■ Exercise aim:
Transcribe nothing except the lines below that run from the one with "Woonzorgcentrum De Muze Nourriture" to the one with "RDX T1F Защитный", ends included, and do not copy any picture.

■ Data for processing:
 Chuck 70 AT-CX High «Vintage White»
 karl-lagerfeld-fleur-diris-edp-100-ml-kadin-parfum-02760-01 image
--
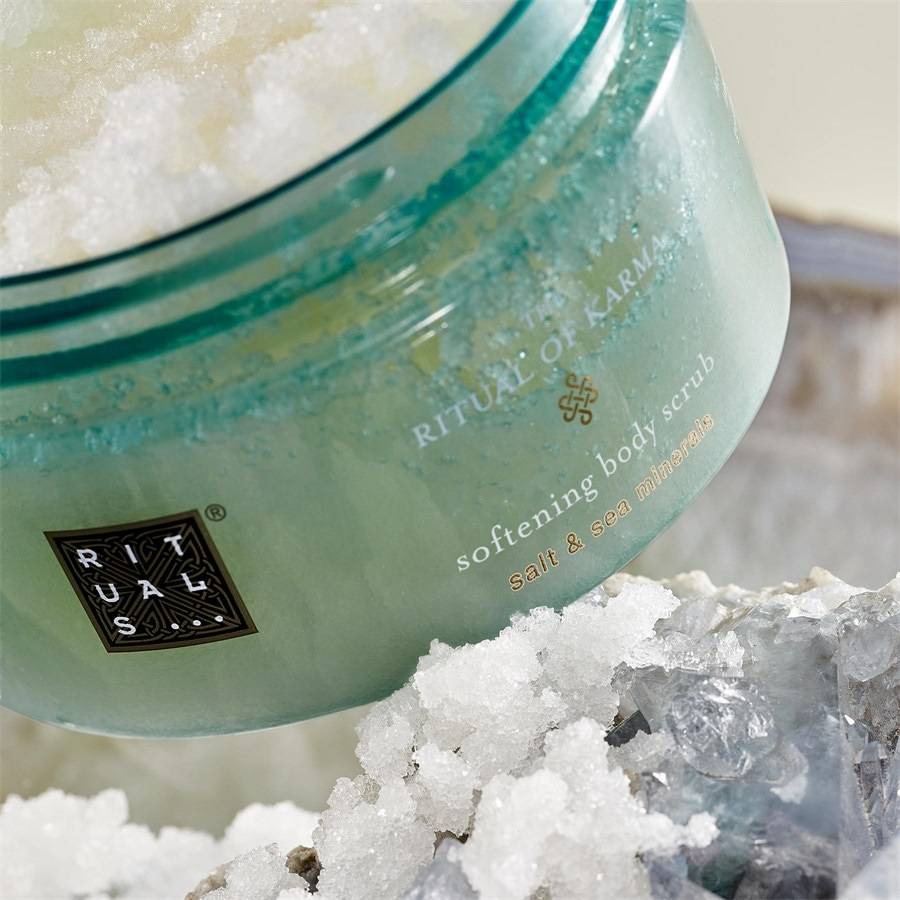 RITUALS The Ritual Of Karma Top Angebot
--
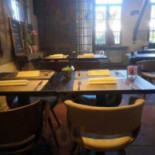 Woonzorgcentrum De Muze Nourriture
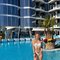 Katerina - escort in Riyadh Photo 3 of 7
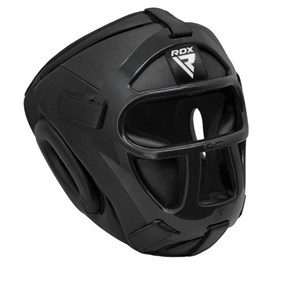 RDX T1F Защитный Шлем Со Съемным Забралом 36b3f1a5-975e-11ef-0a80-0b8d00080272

■ Answer:
 Woonzorgcentrum De Muze Nourriture
 Katerina - escort in Riyadh Photo 3 of 7
 RDX T1F Защитный Шлем Со Съемным Забралом 36b3f1a5-975e-11ef-0a80-0b8d00080272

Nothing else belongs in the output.